From eric miller to Everyone(04:45:18 PM)
holdings sitemap
From pkirly to Everyone(04:46:53 PM)
I don't have experiement with DAIA. Is it the definitive guide? http://www.gbv.de/wikis/cls/DAIA_-_Document_Availability_Information_API
From Owen Stephens to Everyone(04:47:40 PM)
Yes - that's it
From pkirly to Everyone(04:48:09 PM)
thanks
From eric miller to Everyone(04:48:14 PM)
for those people taking action items, can you say your name?
From eric miller to Everyone(04:48:23 PM)
thank you laura ;)
From eric miller to Everyone(04:49:01 PM)
action item: Laura to work up publisher use case
From LAURA DAWSON to Everyone(04:49:05 PM)
You bet. Did this with ONIX years ago.
From eric miller to Everyone(04:49:18 PM)
bingo
From GordonD to Everyone(04:50:13 PM)
Environment/strings of schema.org is natural language (language of documents); environment/things of library domain is controlled language/identifiers - our task is to find the interface
From eric miller to Everyone(04:50:23 PM)

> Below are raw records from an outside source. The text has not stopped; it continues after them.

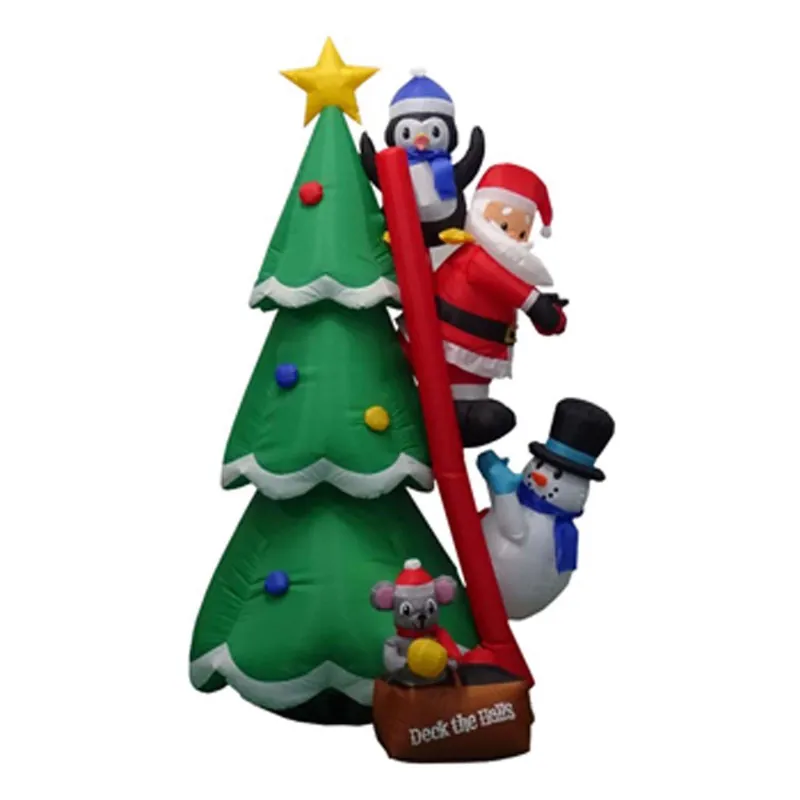 6 Ft. Inflatable Christmas Tree With Penguin, Santa, And Snowman Design
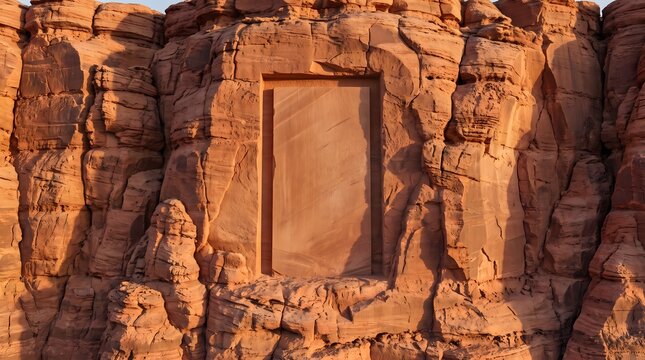 Ancient Rectangular Gateway Carved Into The Rugged Red Sandstone Cliffs of a Desert Mountain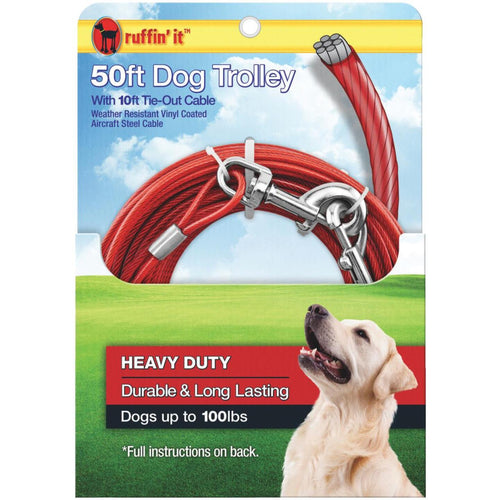 Westminster Pet Ruffin' it 50 Ft. Red Steel Dog Cable Trolley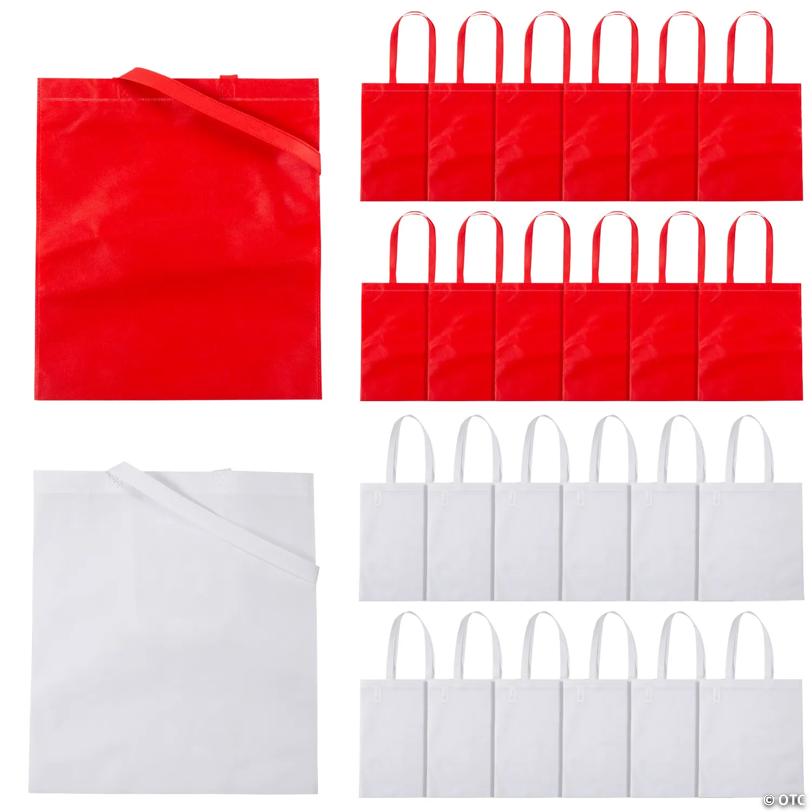 15" x 17" Large Christmas Red & White Nonwoven Tote Bag Assortment – 24 Pc.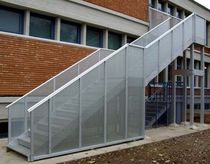 exterior quarter turn staircase for commercial buildings (metal frame and steps) UGOLINI SCHOOL - BRESCIA ALUSCALAE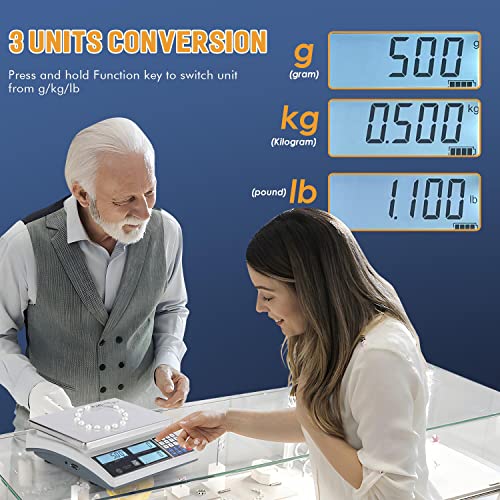 Bonvoisin Industrial Digital Scale for Parts & Coins (10kg/22lb, 0.1g) - Electronic Inventory Counting Scale - size: 10 kg, 0.1 g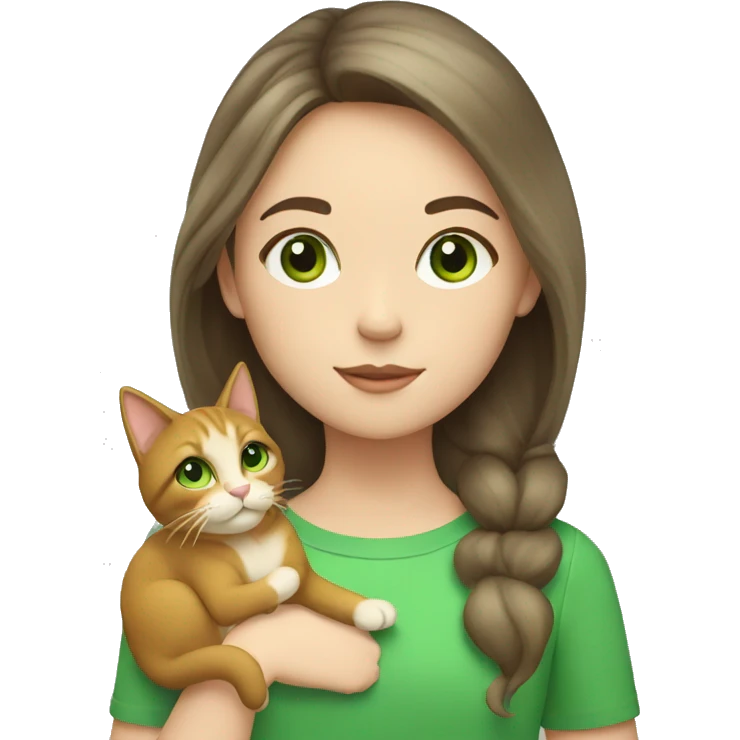 girl with dark blond hair and green eyes, holding a cat with 3 colors emoji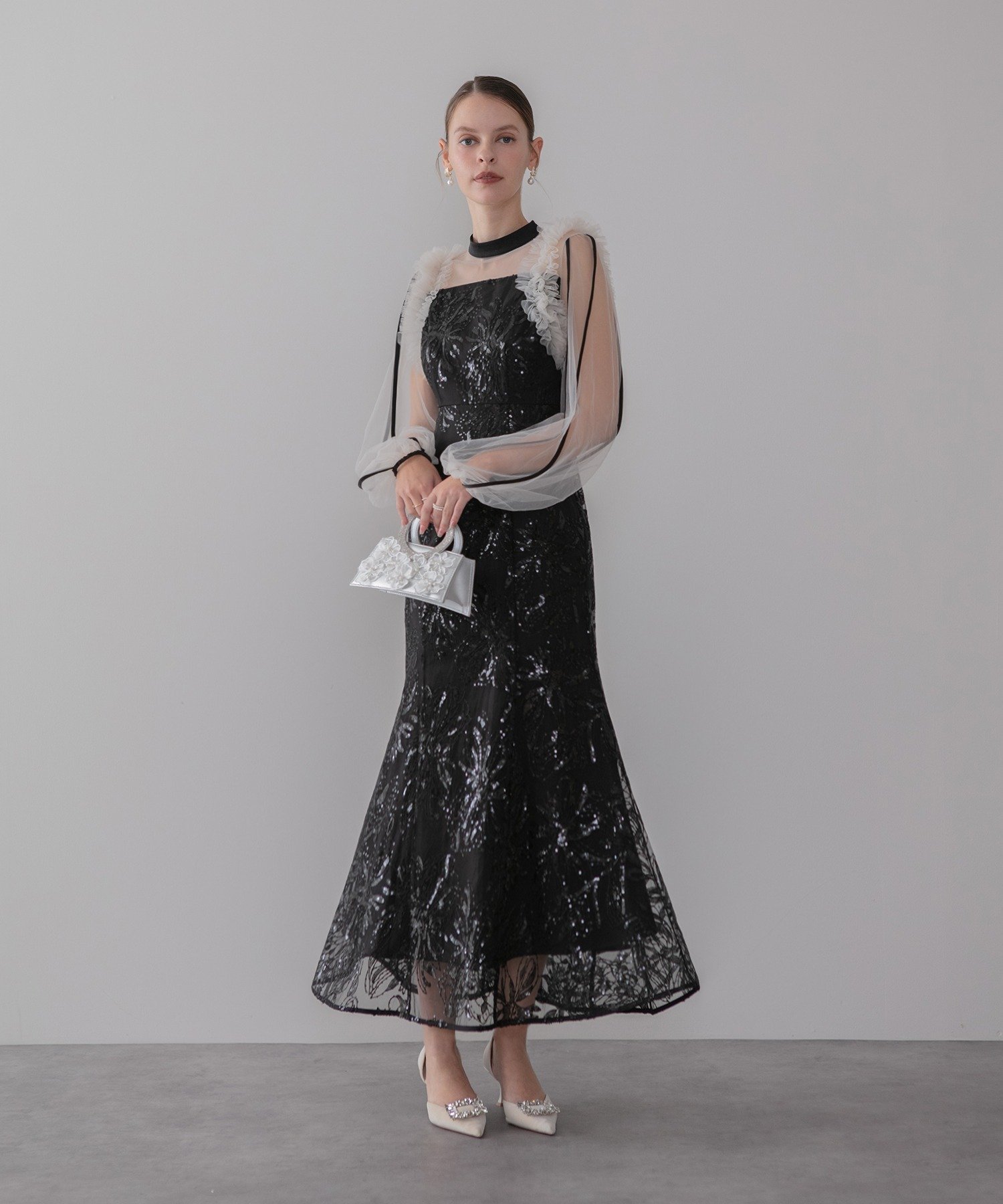 Leja｜Leja-フラワースパンコールチュールフリルロングスリーブ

/me not sure how to capture the action item richard just agreed to
From LAURA DAWSON to Everyone(04:50:45 PM)
Re-jigger wiki can be an item!
From Owen Stephens to Everyone(04:58:55 PM)
I think Karen's point is that we want to be able to say "This book is about Albert Einstein", not to say "Albert Einstein is a term in a controlled vocab"
From Karen Coyle to Everyone(04:59:13 PM)
Owen, exactly.
From Owen Stephens to Everyone(04:59:49 PM)
It seems that saying a book is about or mentions a concrete thing is a stronger use case than saying it is about or mentions a concept From Owen Stephens to Everyone(05:00:04 PM)
Sorry - I meant "it seems to me"
From Corey Harper to Everyone(05:00:14 PM)
Owen, Karen: but I tihnk we want to be able to do so in a way that exposes the connection between Einstein & the additional metadata we have about him.
From Owen Stephens to Everyone(05:01:07 PM)
Small Demons is e.g. of working on this linking books to concrete things
From LAURA DAWSON to Everyone(05:01:31 PM)
Yes, Owen, I was thinking of asking Small Demons to have some input here.
From Corey Harper to Everyone(05:01:40 PM)
Owen++ Small Demons is super cool.
From Karen Coyle to Everyone(05:01:43 PM)
Corey, yes, but I'm not sure how you do that in schema.org -- so that's what I'm trying to imagine. If it's just a matter of using IDs, then we've already got those.
From Owen Stephens to Everyone(05:02:03 PM)
Small Demons is super cool idea, but I've always been left a bit 'meh' by the connections exposed
From Owen Stephens to Everyone(05:02:11 PM)
It may just be me :)
From Corey Harper to Everyone(05:02:23 PM)
Karen: I think it's a matter of ensuring that our "authorities" document a relationship to some of schema.org's abstract classes like thing & intangible.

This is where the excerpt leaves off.